Il cinema era la vera arte di Lewis che, ancora con Dean Martin, nel 1953, diede vita a una simpatica inversione di ruoli in Occhio alla palla (The Caddy). Lewis interpreta un bravo giocatore di golf che soffre di attacchi di panico in pubblico. Per questo incarica Joe, fratello della sua fidanzata, di giocare al posto suo promettendogli di stargli vicino come caddy. Tutto fila liscio finché Joe dovrà vincere una partita per ricevere una somma di denaro ma non ci riuscirà per colpa della famiglia che entra in campo creando disordini. Il finale è quasi la celebrazione del loro sodalizio artistico. I due, fuggiti dal campo di golf, diventano attori e mentre il personaggio di Lewis vince anche gli attacchi di panico per salire sul palcoscenico, Dean Martin intona per la prima volta un successo planetario dal sapore molto italiano: That’s Amore! “L’amore” professionale tra i due attori, per questioni di visibilità, finirà nell’estate del 1956 dopo sedici film.

“Ci deve volere molta pazienza per spingere fin lassù quegli affari” con questa frase, spazientisce il body builder che solleva un bilanciere molto carico in palestra. La scena compare in Le folli notti del dottor Jerryll (The Nutty professor) del 1963 ed è una sintesi dei tempi comici che Lewis prediligeva: l’approccio, la battuta e la situazione inverosimile con le braccia che cadono fino a terra per il peso.

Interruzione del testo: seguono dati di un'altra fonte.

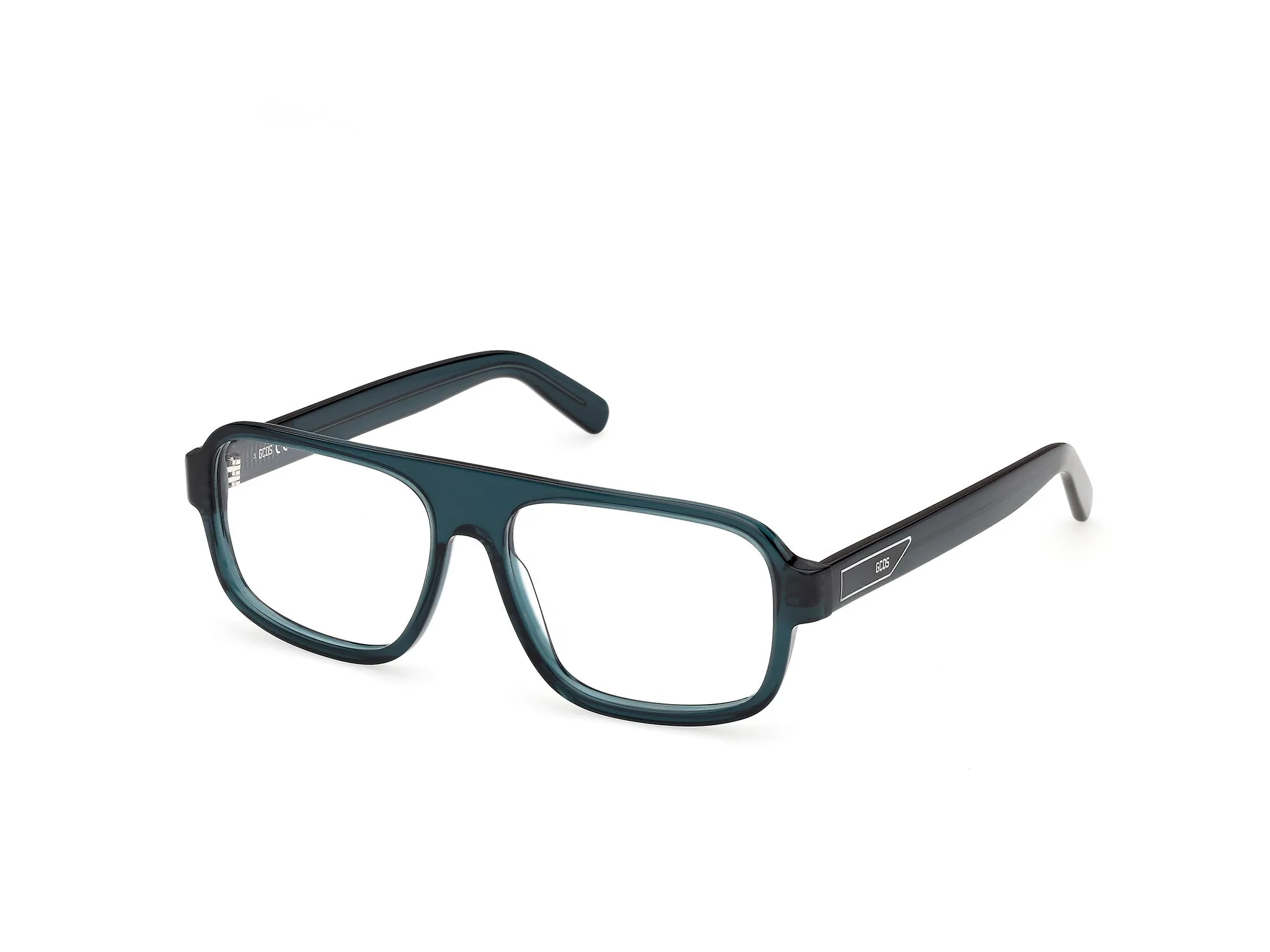 GCDS GD5059 87 Montature da vista Acetato Turchese Geometrica Normale - immagine 1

Il concentrato comico-sportivo sul neo 90enne attore, ci ha fatto attraversare quasi settant’anni di storia americana, perché non si diventa il surreale Jerry Lewis senza aderire a un contesto reale, quello di un’America che usciva dalla seconda guerra mondiale, che non smise di esportare guerra, ma che iniziava concretamente a vivere il suo sogno economico. Le risate che regalava erano evasione e leggerezza allo stato puro per gli americani. Risero un po’ meno gli australiani che, nel 2008, ascoltarono in tv una battutaccia sul cricket, definito “uno sport per froci” dall’allora ultraottantenne Lewis, non nuovo ad attacchi omofobi o razzisti. Eh no, questa non faceva ridere affatto, caro Picchiatello. Auguri!